Original creation by
Marc DUCOBU
Relais Desserts,
Pâtisserie DUCOBU,
Waterloo, Belgium

Original creation by
Marc DUCOBU
Relais Desserts,
Pâtisserie DUCOBU,
Waterloo, Belgium
Recipe for 12 individual macaroons
30 g of water
120 g of sugar
45 g of egg white (1)
45 g of egg white (2)
240 g of almond powder 50%
Colorant according to personal taste
Make an Italian meringue (120°C) with water, sugar and egg
white (1). Mix egg white (2) with almond powder and colorant,
add Italian meringue : the first stage on the mixer and the
following two stages by hand with a scraper (‘macaronner’).

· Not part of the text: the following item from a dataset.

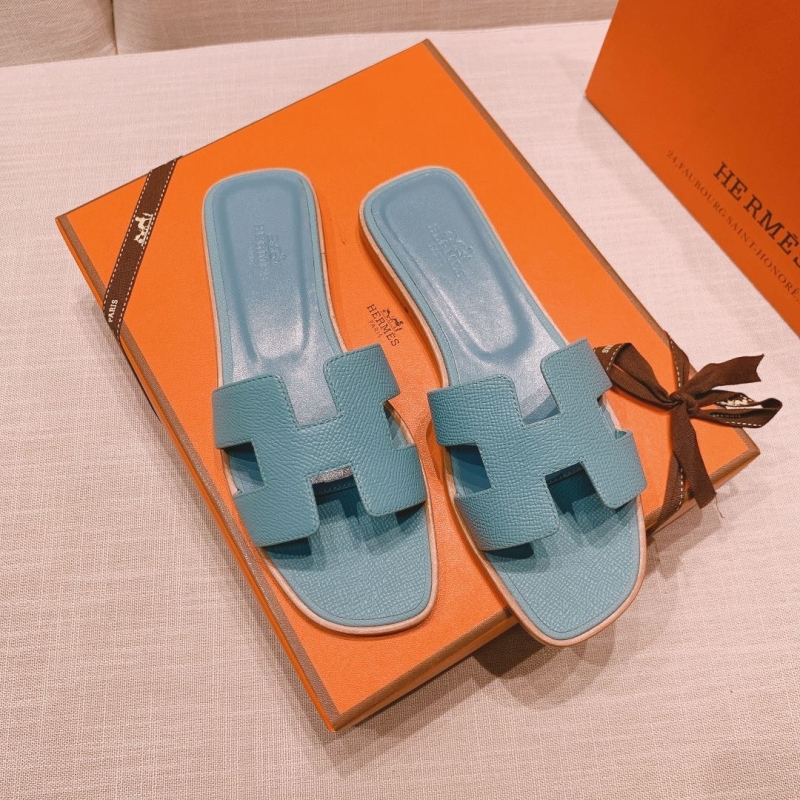 Hermes Slippers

Pipe the macaroons on a baking tray covered by a Silpat® and
allow to dry for 20 minutes. Cook at 135°C for 17 minutes.
To prepare the day before
200 g unsweetened fresh cream (35% fat)
60 g of lime puree
The zest of half lime
3 g of trimoline
3 g of glucose
20 g of white chocolate
8 g of gelatin mass (1,3 g of gelatin powder + 6,7 g of water)
Heat half of cream with the zest and lime puree, glucose and
trimoline. Pour onto the chocolate and gelatin. Add the rest of
the cold cream and mix. Leave to brew for 24 hours. Whisk the
mixture.
90 g of raspberry compote
15 g of gelatin mass (2,5 g of gelatin powder + 12,5 g of water)
16 g of The Botanist® gin 60 % Vol.
Heat the raspberry compote. To the boil, off the heat, add
gelatin and The Botanist® Gin. Pour in Flexipan® mould. Freeze.